CHAPTER TWENTY-ONE
At around nine-thirty, the Rover, with Grace at the wheel and Stephanie beside her in the passenger seat, left the Grimaldi property and ventured out onto County Highway 53. The twisting road has over fifty sharp turns, many of them hairpin, and Grace negotiated them at a snail’s pace. During the last five miles, truck driver Yves Raimondo was directly behind the Rover. He watched it make one turn, then another, without incident. But, about two hundred yards before the final and sharpest curve, Raimondo saw the car in front of him zigzag so badly that it almost sideswiped the mountain rocks on the opposite side of the road. Assuming "a lack of attention," Raimondo sounded his horn and, as he expected, the Rover righted itself as it continued down the roadway. Then, to his growing horror, he realized that the car was not slowing down in anticipation of the dangerous turn ahead. "The corner came up," he later said. "I did not see it slow down . . . the brake lights didn’t come on . . . she did not even try to turn and I had the impression that she was going faster and faster . . . [the car] disappeared over the edge."

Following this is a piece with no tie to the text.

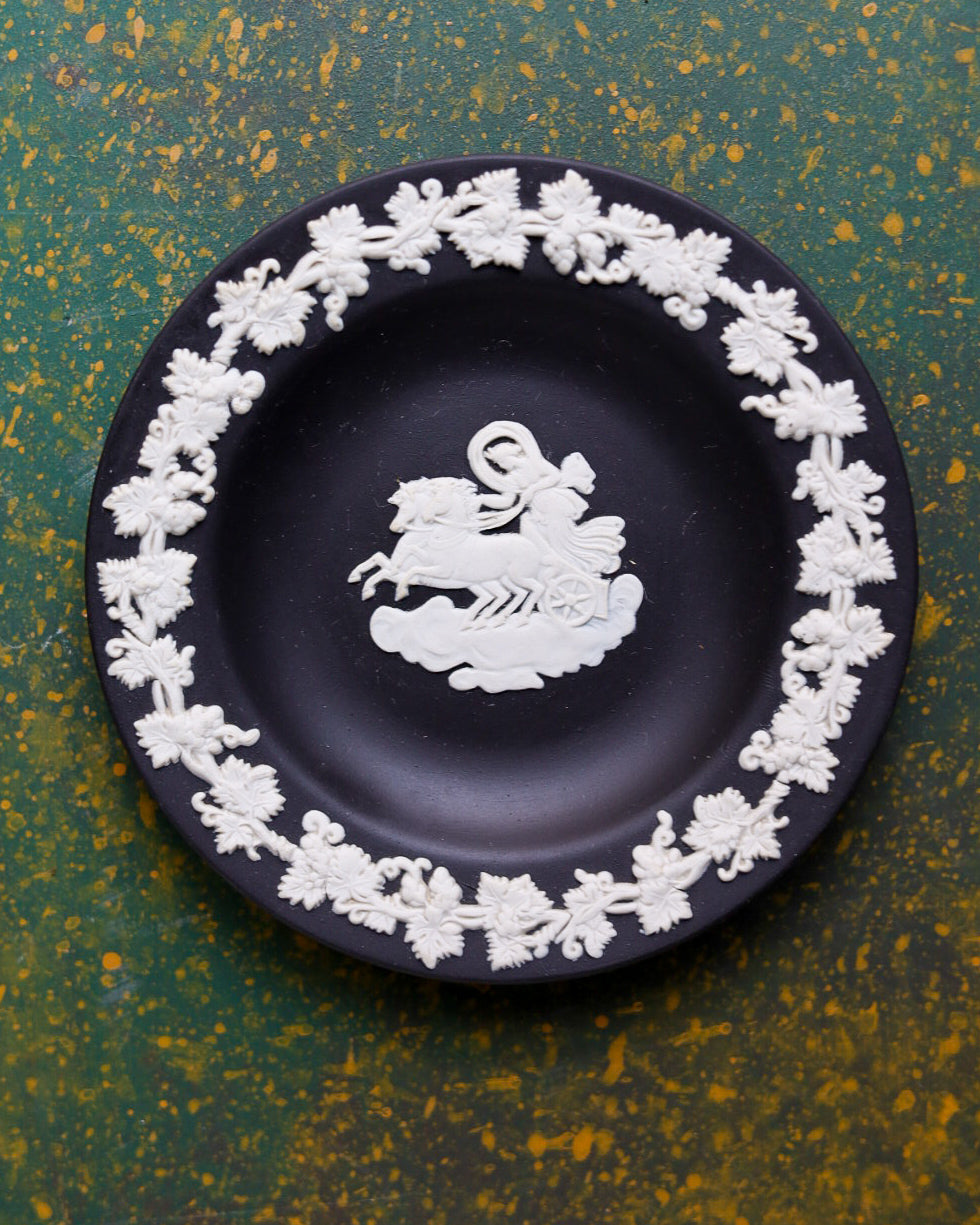 Collezione di 6 Piattini Wedgwood Jasperware con Figure Neoclassiche in Rilievo – Azzurro e Nero Basalte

All of the curves on the Moyenne Corniche have crash barriers, but this one, unlike the others, extends only halfway, because at that point a narrow dirt road runs off the main roadway at right angles. Grace’s car barreled straight ahead, brushed against the edge of the barrier, passed over the entrance to the roadway, and careened off the hillside. It flew a few feet in the air, then crashed through thick underbrush and somersaulted several times before landing on its roof at the edge of a vegetable garden. The police photographs taken immediately after the accident reveal that the car’s right side had been crushed flat in the fall down the hillside; the left-hand, driver’s side of the car wasn’t as badly damaged, and the door had popped open. Steam poured out of the car’s radiator. It was 10:05 A.M.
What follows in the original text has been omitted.